L'aumento dei tentati suicidi che si registra con l'adolescenza rispetto all'età precedente è evidentemente favorito dai  cambiamenti fisici e psicologici che si verificano in quell'epoca e che sono caratterizzati tra l'altro da aspirazioni di autonomia ed indipendenza che portano spesso ad un aumento della conflittualità intrafamigliare. Il confronto con le tensioni proprie di questa fase evolutiva diviene molto faticoso qualora l'adolescente vi sia esposto senza sufficienti risorse. Millet et al. (1994) discutendo delle cause dell’alta incidenza del tentato suicidio e del suicidio in adolescenza, giungono a dire che “è l’adolescenza stessa la causa del suicidio in questa età” (39)
Moses ed Eglè Laufer descrivono le difficoltà nelle quali in alcuni casi gli adolescenti possono trovarsi, con l'espressione "breakdown adolescenziale" (40), volendo comprendervi elementi legati alla sessualità, alla relazione con i coetanei e con i genitori.
Questi autori nella loro pratica clinica, per valutare il reale rischio suicidario degli adolescenti problematici, ne considerano gli aspetti regressivi e le spinte al cambiamento, la rigidità o la facilità d'adattamento, nonché  la qualità della relazione con i coetanei. Questa valutazione viene svolta facendosi guidare da domande come: qual è l'importanza che i coetanei rivestono in contrapposizione alla famiglia? Qual è la relazione con i genitori e quale è il carattere della "separazione" da loro? Come si confronta questo/a adolescente con il mondo esterno? Cosa prevale tra il timore e la speranza nel futuro? Le fantasie di questo/a adolescente riguardo a sessualità, masturbazione, rapporto coll'altro sesso, impediscono la sua capacità di funzionare? (41).
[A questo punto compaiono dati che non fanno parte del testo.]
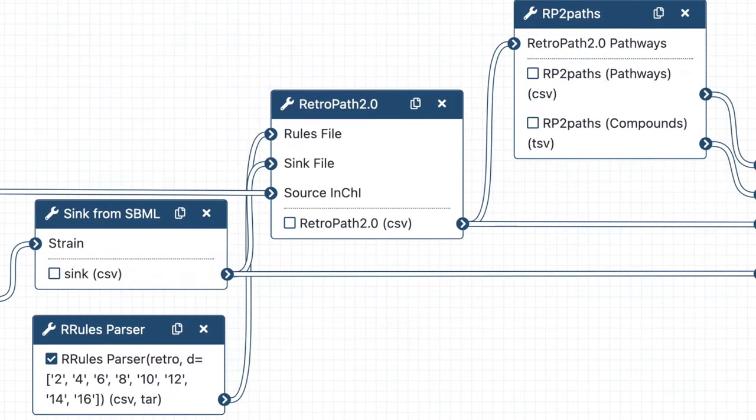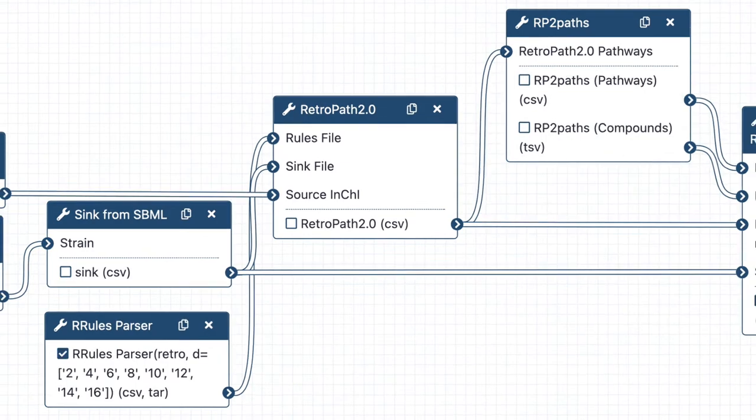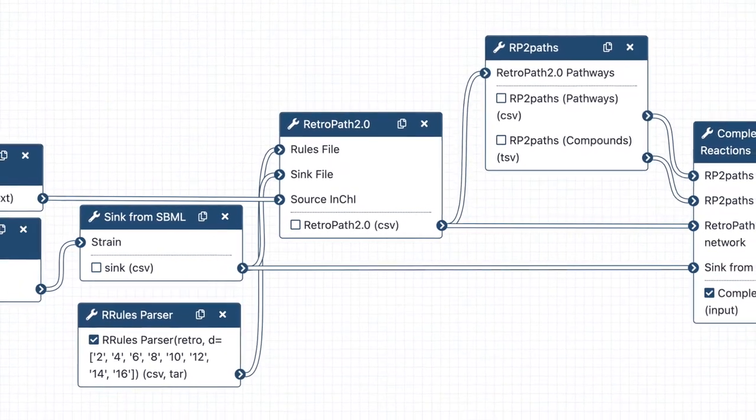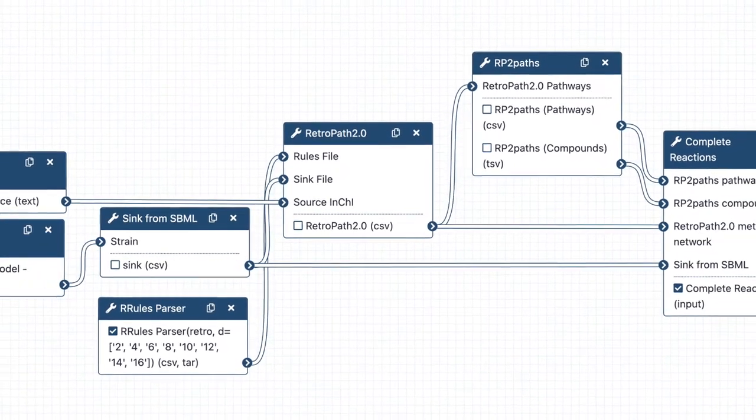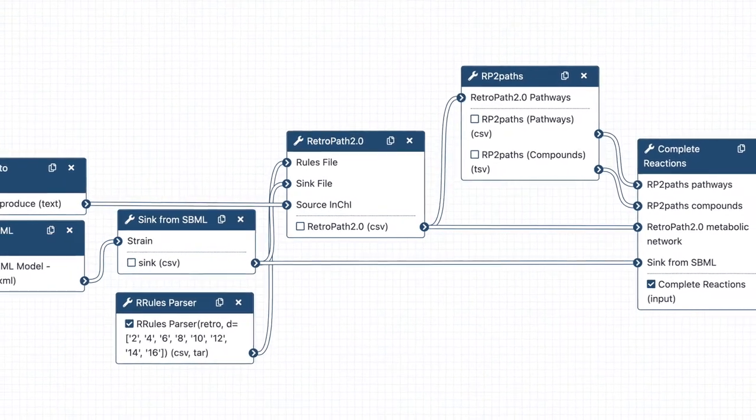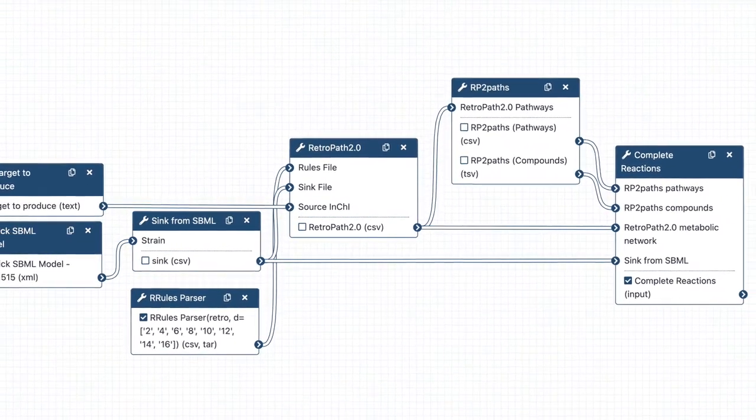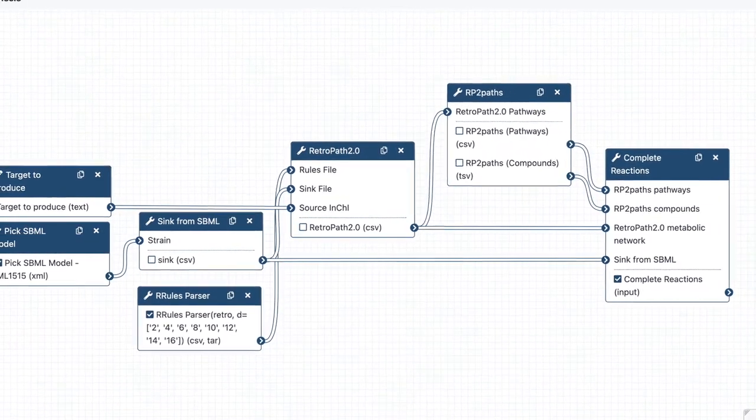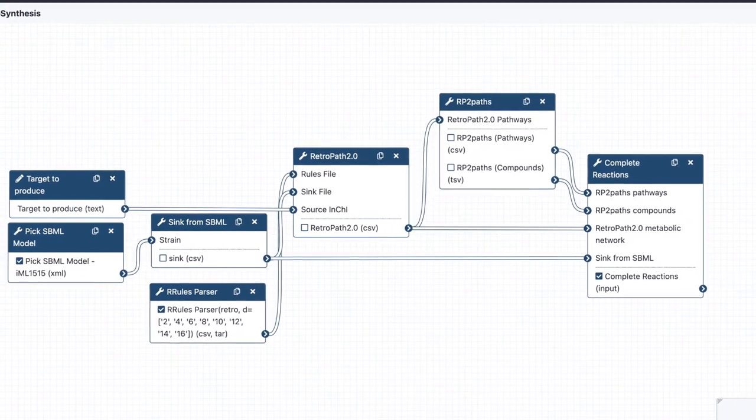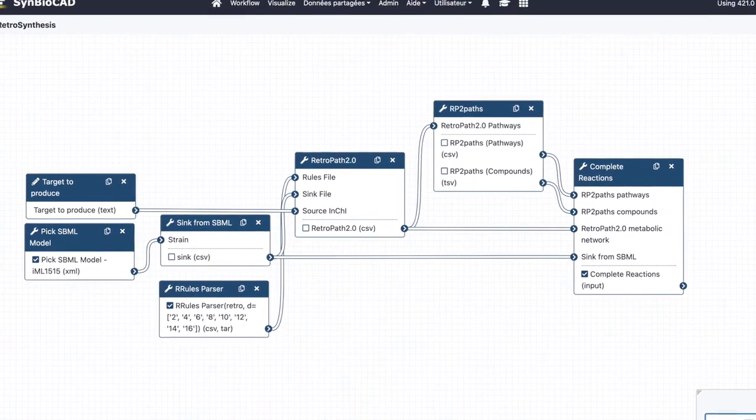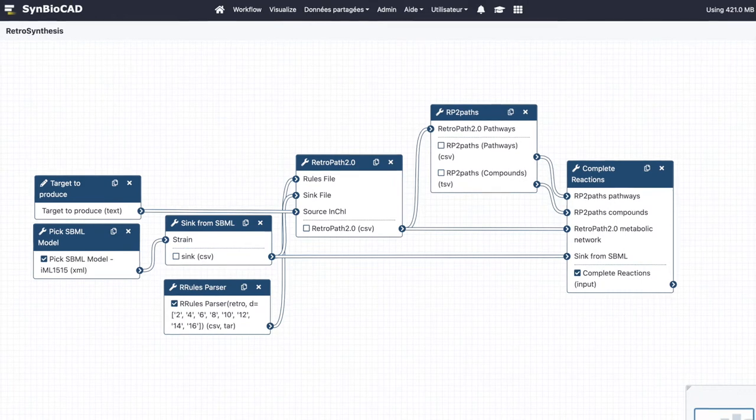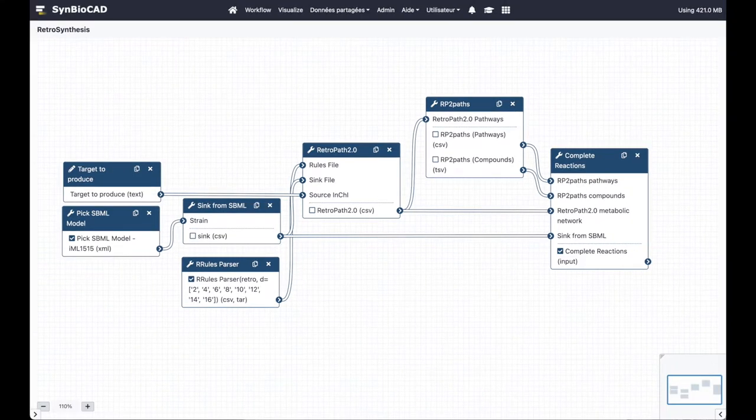Here is the retrosynthesis workflow as it appears in the Galaxy workflow editor. We can see the three main steps: Retropath 2, RP2Path, and complete reactions. The inputs are the InChI of the target to produce and the strain we want to produce the target from in SBML format.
Nel caso di Maria la separazione dal padre non è facilitata dalle caratteristiche della relazione troppo spesso simmetrica, quasi si trattasse di due adolescenti; le tensioni di natura edipica sono forti ed evidenti nel rapporto ambivalente che la ragazza ha instaurato con la compagna del padre. Nello stesso tempo le relazioni con i coetanei si dimostreranno superficiali ed insoddisfacenti per Maria e non è presente alcun gruppo in grado di sostenerla verso la separazione/individuazione. Maria si ritrova quindi in bilico tra le spinte regressive che la portano a far dipendere tutta la sua felicità dal comportamento paterno e le aperture verso i coetanei.
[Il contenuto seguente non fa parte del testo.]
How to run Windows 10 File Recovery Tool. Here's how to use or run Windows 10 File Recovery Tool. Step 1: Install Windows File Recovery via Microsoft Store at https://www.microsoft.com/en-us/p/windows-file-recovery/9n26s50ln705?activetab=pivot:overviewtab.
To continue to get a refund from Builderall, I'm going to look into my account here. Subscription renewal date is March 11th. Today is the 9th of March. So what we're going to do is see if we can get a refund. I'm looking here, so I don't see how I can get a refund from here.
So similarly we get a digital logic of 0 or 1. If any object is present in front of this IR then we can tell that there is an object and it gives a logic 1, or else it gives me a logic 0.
Sappiamo che un rischio immediato di suicidio è particolarmente presente quando sono assenti i sensi di colpa nei confronti dei genitori o parenti per l'atto che si pensa di compiere; in questa condizione la distorsione del pensiero può essere tale da far credere addirittura a questi adolescenti che i genitori approveranno la  loro scelta e saranno contenti per loro (42). Essi sentono di meritare il rifiuto e l’odio dei famigliari. Osservata da questa prospettiva la dichiarazione fatta da Maria in rianimazione, quando era ancora in lieve stato confusionale e con basse resistenze, sulla ragione del suo tentativo: "l'ho fatto per liberare i miei familiari dal mio peso", può essere letta come la possibilità per lei di rendere ai suoi famigliari un piacere.

Sulla ripetizione del gesto Eglé Laufer (37) ci ricorda che una volta infranta la barriera dell'autoconservazione - considerate anche le distorsioni cognitive già descritte - la possibilità che gli adolescenti ripetano il gesto è sempre presente, rappresentando nella loro fantasia un’arma segreta ed ultima risorsa disponibile da mettere in campo allo scopo di alleviare la loro sofferenza ed aumentare l’autostima. Con il procedere dei tentativi maturerà una progressiva capacità di procurarsi danni consistenti se non la morte stessa. (43)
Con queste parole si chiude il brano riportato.